General Musharraf is treading a fine line between angering his US sponsors and upsetting Pakistani domestic opinion. When he seized power eight years ago, Musharraf was seen as an ally for the West in the battle against terrorism, a strategic importance subsequently amplified by the 9/11 attacks. The US supplied him with arms and intelligence cooperation, but many in Washington now wonder whether they’re getting value for money. Intelligence reports claim northwest Pakistan is a safe zone for Islamic miltants and the porous border with Afghanistan a gaping hole in the strategy for combatting al-Qaeda.

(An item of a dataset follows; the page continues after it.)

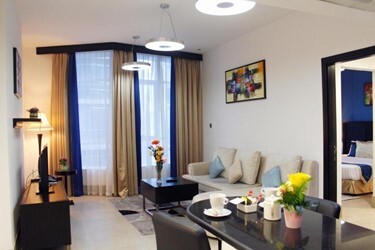 Standard One Bedroom Apartment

But Musharraf’s freedom to act is limited domestically by religious groups. 100 militants were killed when he cleared out Islamabad’s Red Mosque – 200 people have since been killed in revenge attacks. Most Pakistanis don’t support the Islamic Militants – but tolerance for Musharraf’s inabillity to control the situation is waning, particular since his botched attempt to sack the country’s Chief Justice, subsequently overturned by the Supreme Court.That affair has cast doubt over his ability to win re-election at the end of the year – he needs to pass a constitutional reform to be able to stand again.
Also unsettling are frosty relations with Afghanistan. Afghan President Karzai accuses Musharraf of not doing enough to stop militants crossing the border into his country – Musharraf says it is the Afghan government that is to blame for losing control. Isolated, Musharraf’s political survival looks increasingly dependent on access to the US weaponry that keeps the military loyal. As a candidate for the White House, George W. Bush was famously unable to name the general who’d just seiezd power in Pakistan in a coup d‘état, but still felt able to say of Musharraf: “It appears this guy is going to bring stability to the country and I think that’s good news for the sub-continent.”
The US government now supports the Pakistan government to the tune of 700 million euros per year.
Musharraf will be hoping that time hasn’t dulled Bush’s high opinion of him.